→ Exercise prompt
Once the line containing "Converse Ochelari de soare CV537SRECRAFT" is found in the material below, it and every line after it should be transcribed exactly, with pictures left out and nothing added.

[Dataset extract — start]

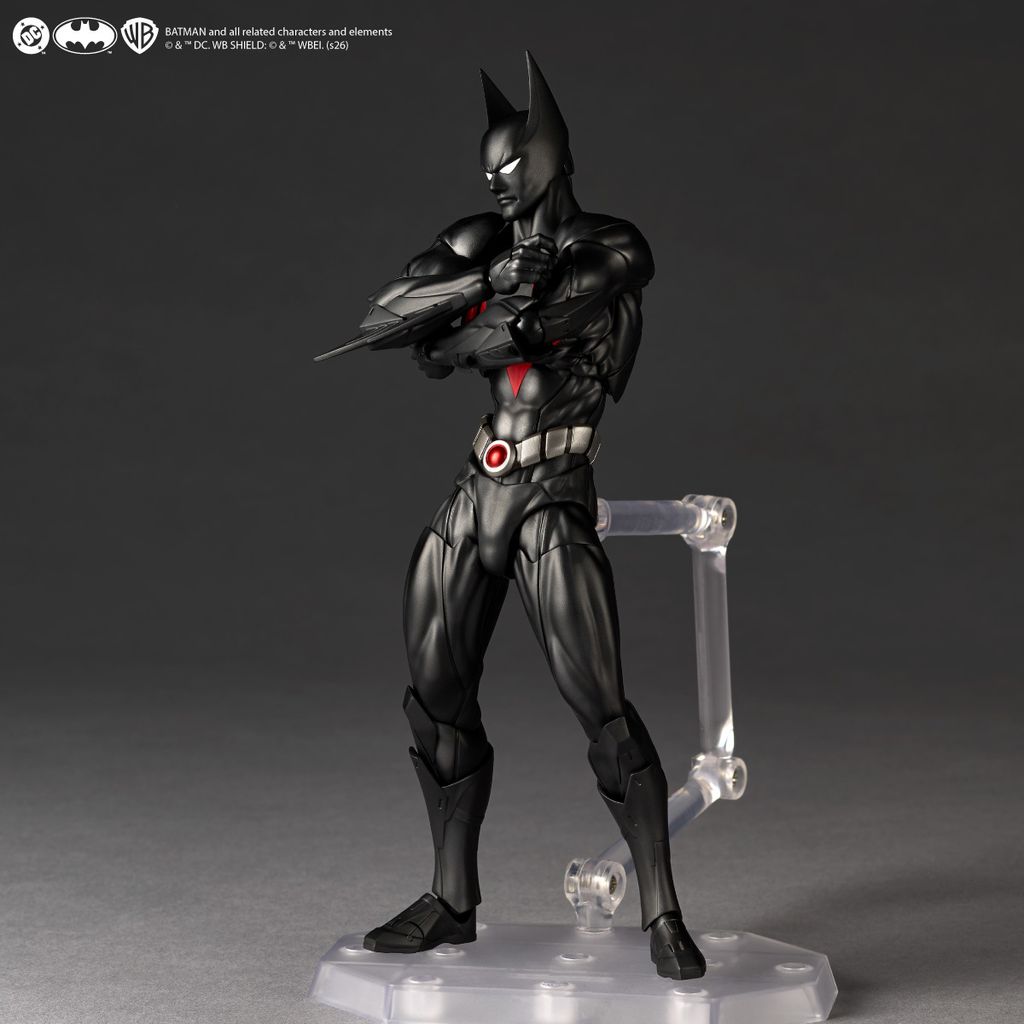 AY_BatmanBeyond_Classic_DC 002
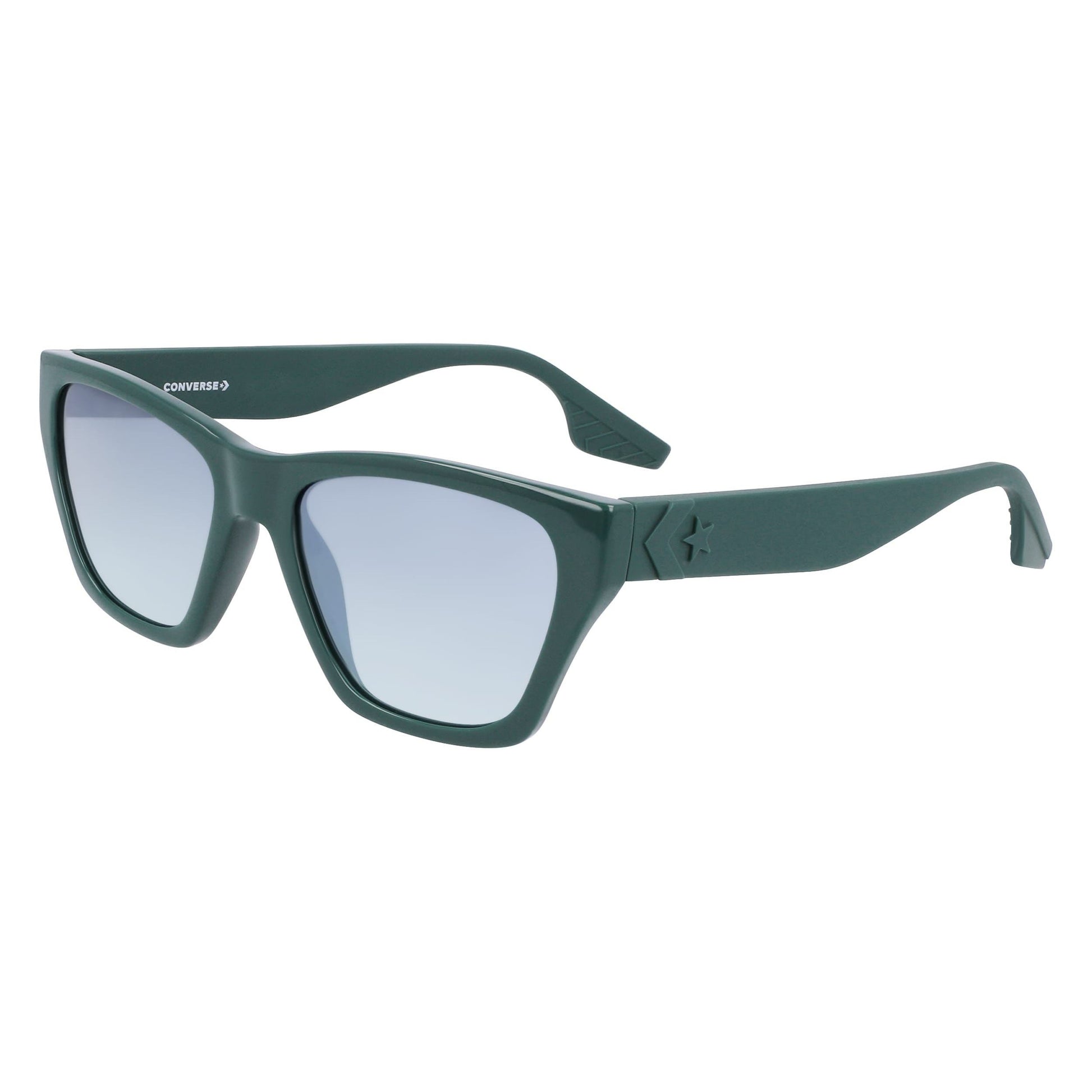 Converse Ochelari de soare CV537SRECRAFT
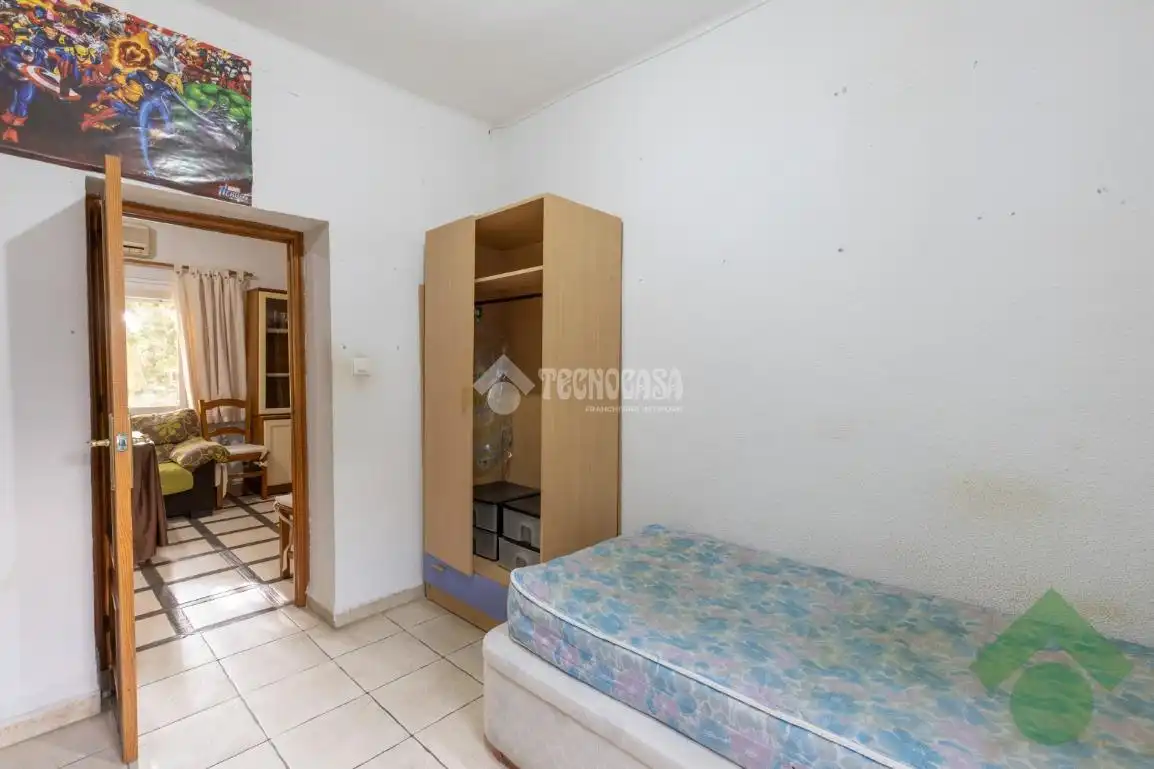 Appartement à vendre à Zaidín, imagen 9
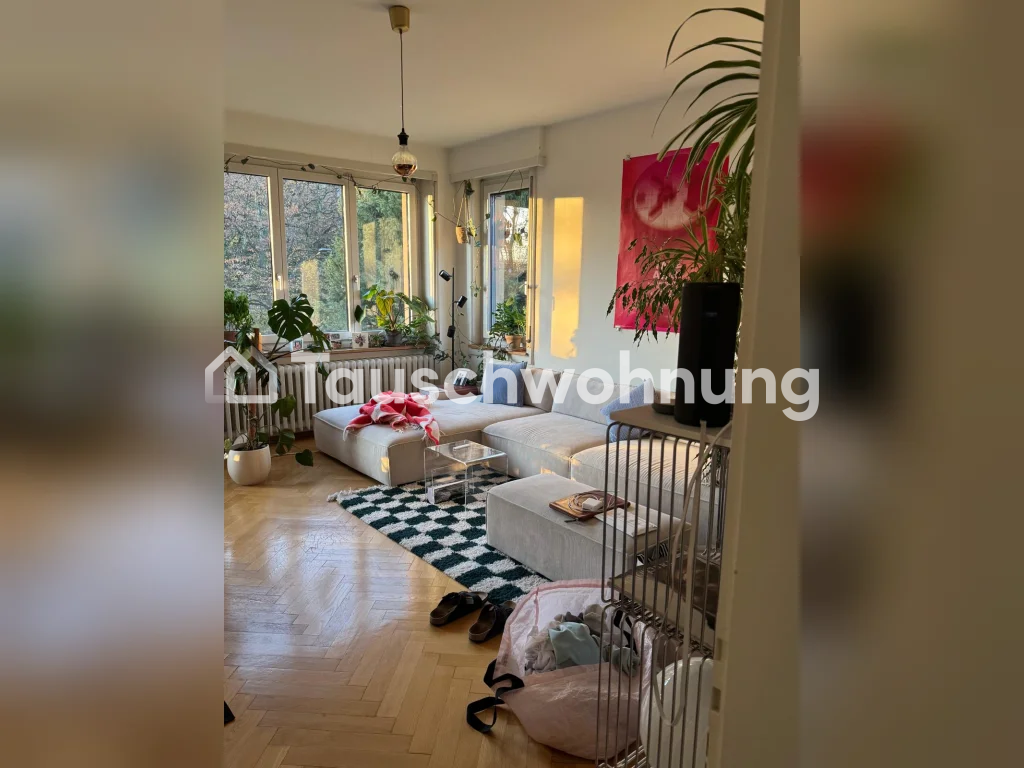 Appartement de 3 pièces, photo 2 sur 4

[Dataset extract — finish]

→ Result for this exercise
 Converse Ochelari de soare CV537SRECRAFT
 Appartement à vendre à Zaidín, imagen 9
 Appartement de 3 pièces, photo 2 sur 4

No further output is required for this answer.